The struggling owner of Frankie & Benny’s is expected to report another fall in profits next week, with chief executive Andy McCue expected to outline the progress of turnaround efforts.
A consensus of City analysts forecast that half-year pre-tax profit at the Restaurant Group will fall over 30% to £25.2 million as warm June weather and poor cinema attendance look set to have dented footfall.
Because of their locations, sales at the group’s restaurants, which also include Garfunkel’s and Chiquito, are closely aligned to cinema attendance.
Tim Barrett, analyst at Numis, said: “A weak film slate and record June weather were unfavourable for cinema attendance, meaning it seems reasonable to expect a small, temporary moderation in footfall.”
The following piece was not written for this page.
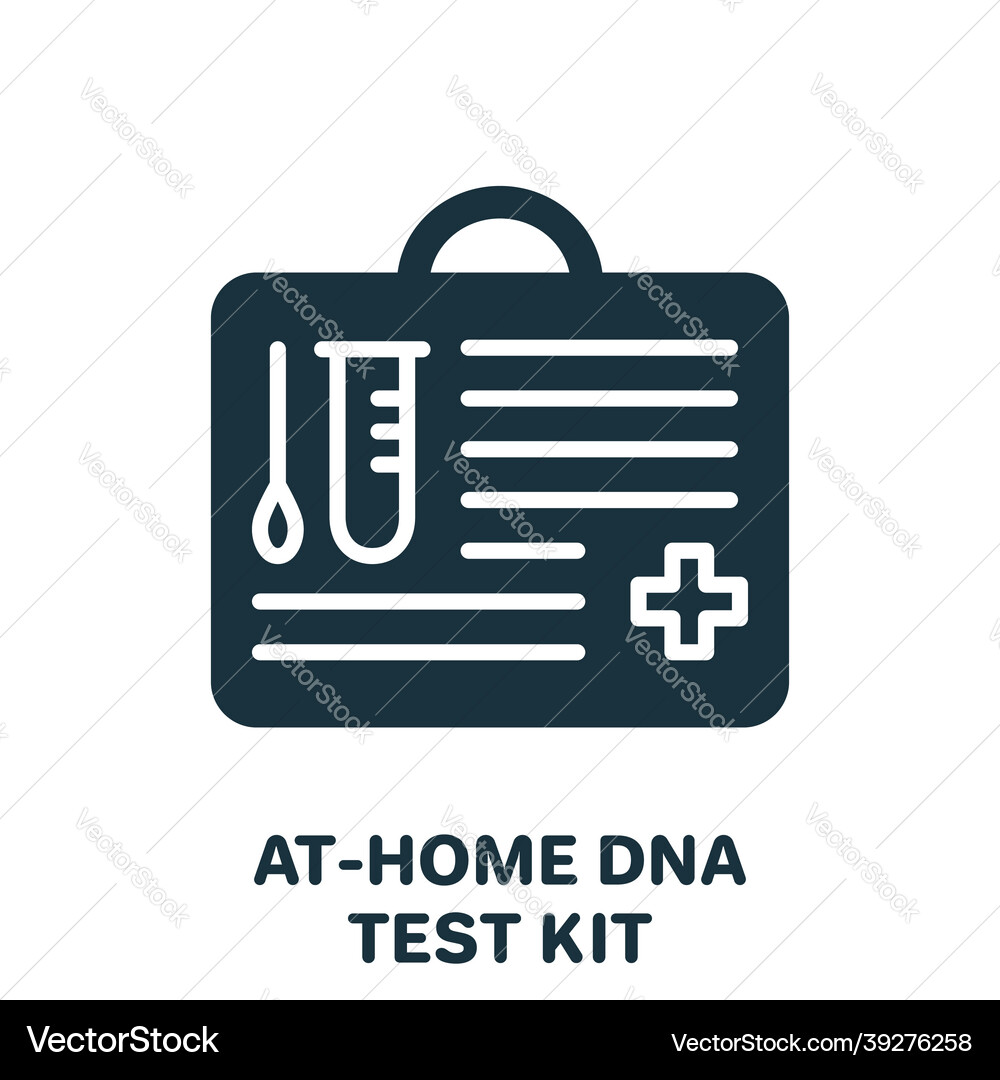Athome dna test kits silhouette icon sample Vector Image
In its last trading update, the Restaurant Group said like-for-like sales fell 1.8% in the 20 weeks to May 21, with total sales declining 1.5%.
However, the figures marked an improvement on the fourth quarter, which saw like-for-like sales drop 5.9%.
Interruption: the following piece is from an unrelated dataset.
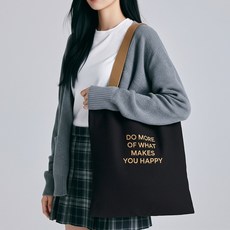 태미스 남녀공용 베이직 에코백 캔버스백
For the half year, Numis is pencilling in a 2.5% dip in sales, with the performance of the firm’s pubs business likely to have been boosted by the warm weather and mitigating a decline in restaurants.
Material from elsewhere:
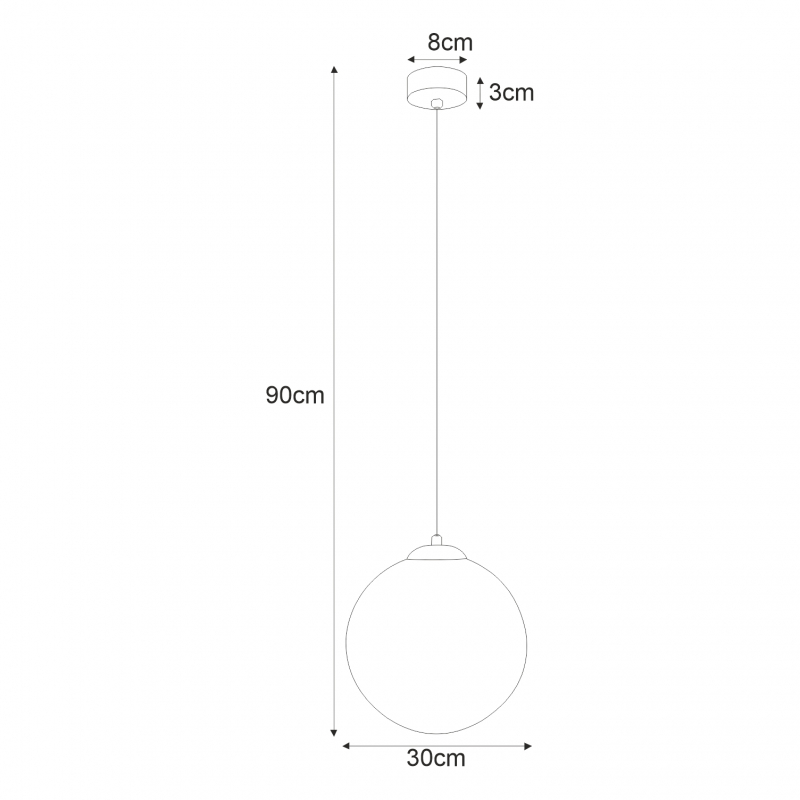 Lampa wisząca K-4922 SAVOY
As part of Mr McCue’s turnaround, the company has been closing under-performing restaurants and rejigging menus.
It comes after the Restaurant Group admitted it had lost value-conscious customers at Frankie & Benny’s after significant price hikes, with the firm pledging to “look at the pricing architecture of the menu” and “reinvigorate the value offer” in a bid to attract more families to its outlets.
Mr Barrett added: “Investors are well aware that 2017 is a transitional year – the new CEO only unveiled his strategic findings in March and menu rollouts were only completed at the start of May.
“We therefore expect the market’s focus to be on the customer response to new menus, execution of the cost savings plan and exiting closed properties.”
But rising inflation triggered by the Brexit-induced collapse in the pound could hamper Mr McCue’s plans, with recent industry data indicating that people are opting to eat out less as the resultant squeeze on consumer spending intensifies.
Graham Spooner, investment research analyst at The Share Centre, added: “Investors will be wary of rising inflation and consumer sentiment on the group.”
Last year, the Restaurant Group posted a pre-tax loss of £40 million after being stung with a £117 million exceptional charge linked to restructuring efforts.